Caldwell did not like this question. He turned and twisted in his seat without replying, and shot a quick glance at Stelton, uncertain what reply was expected of him. But he got no help there.
Stelton was relishing the fear and anxiety of his tool and watched to see which way the other's cowardice would lead him. He was quite unprepared for the answer that came.
"It is a long worm that has no turning," someone has remarked, and Caldwell had reached his length. The pure cruelty of Stelton's conduct revolted him, and now, sure that Stelton could do him no harm because of his tied hands, he took a vicious dig at his former leader.
"He wanted to marry you himself," he said, "and offered me a hundred dollars to write you that letter."
Stelton sat for a moment open-mouthed at the temerity of his subordinate and then leaped up with a roar like the bellow of a bull.
Juliet pounded hastily on the floor, and the sheepmen appeared just as Stelton fetched Caldwell a kick that sent him half-way across the room.
"Take them both away," ordered the girl, suddenly feeling faint and ill after the mental and physical struggle of the interview.
When the two had gone she sank back in her chair and faced the awful facts that these men had given her.
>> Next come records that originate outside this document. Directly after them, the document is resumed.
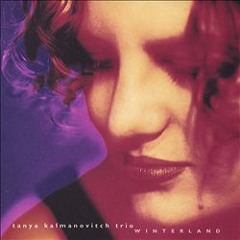 Winterland | Tanya Kalmanovitch Trio | 1997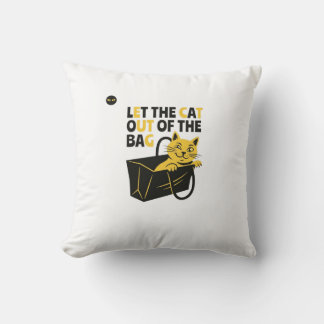 Coussin Pun de chat drôle | Laisser le chat sortir du sac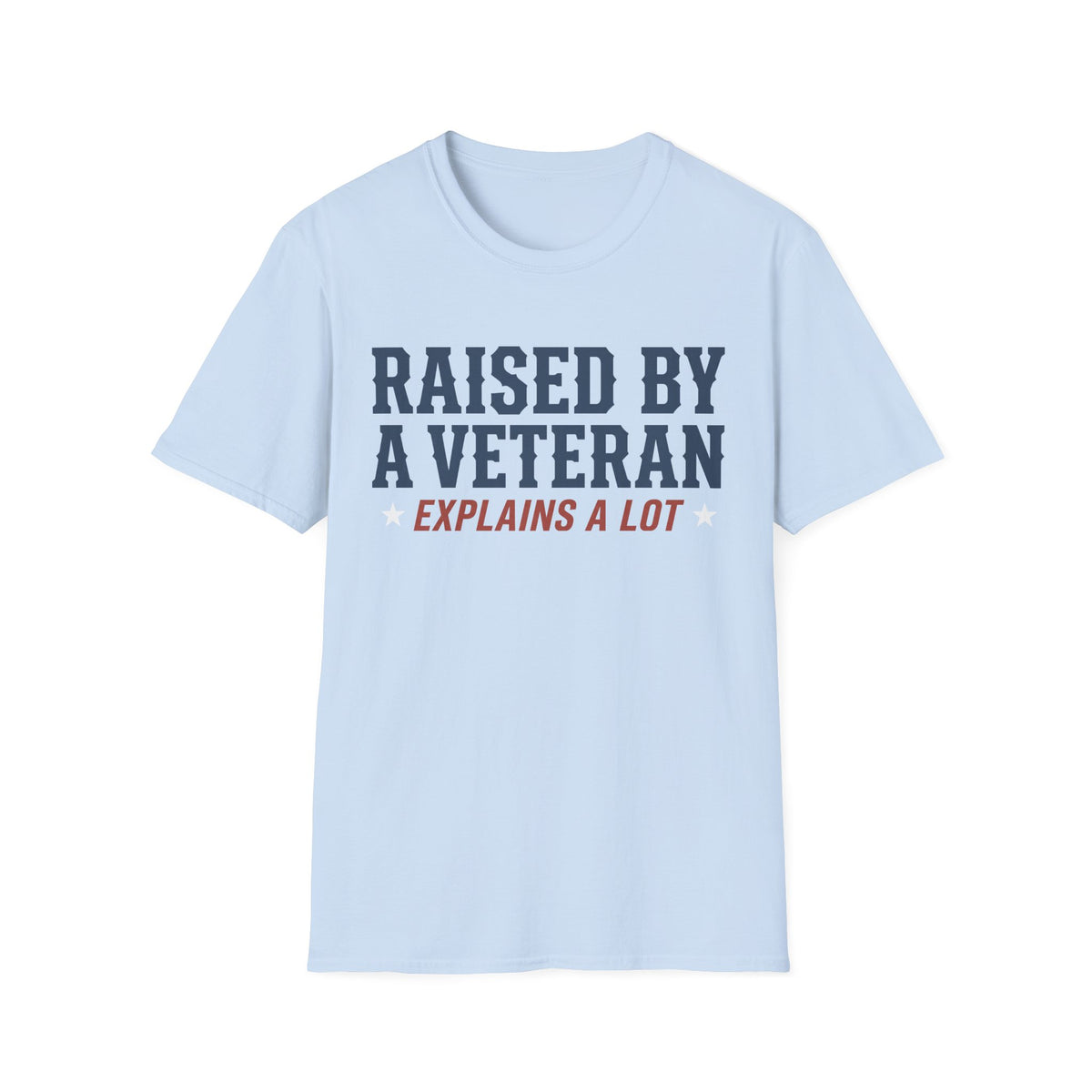 Light blue crewneck T-shirt with 'RAISED BY A VETERAN' and 'EXPLAINS A LOT' graphic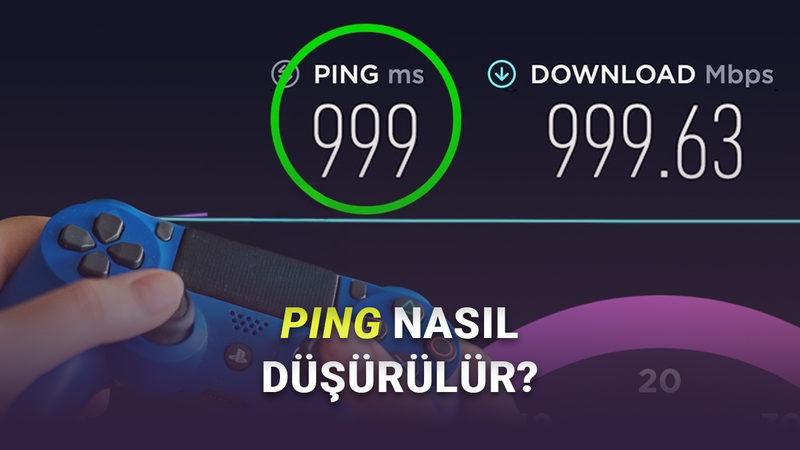 Hepimizin Korkulu Rüyası: Oyunlarda Pingi Düşürmek İçin Yapmanız Gereken 5 Şey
"Bud! Bud! My lover!" she cried brokenly to herself. "I want you, I need you now to tell me it is all a lie!"
She remained for several minutes sunk in a kind of torpor. Then, as though she had suddenly arrived at some great decision, she rose slowly, but determinedly, and left the room. Finding one of the men, she ordered her horse saddled and retired to change her clothes.
Her mother came in and asked if she were going riding alone.
"Yes, mother," replied the girl quietly. "I am going to Bud and find out the truth about him. I cannot live like this any longer. I shall go crazy or kill myself. But I promise you this, that I will find father and bring him home to you."
The eyes of Martha Bissell clouded with long-suppressed tears.
"God bless you, Juliet," she said. "I can't live without him any longer."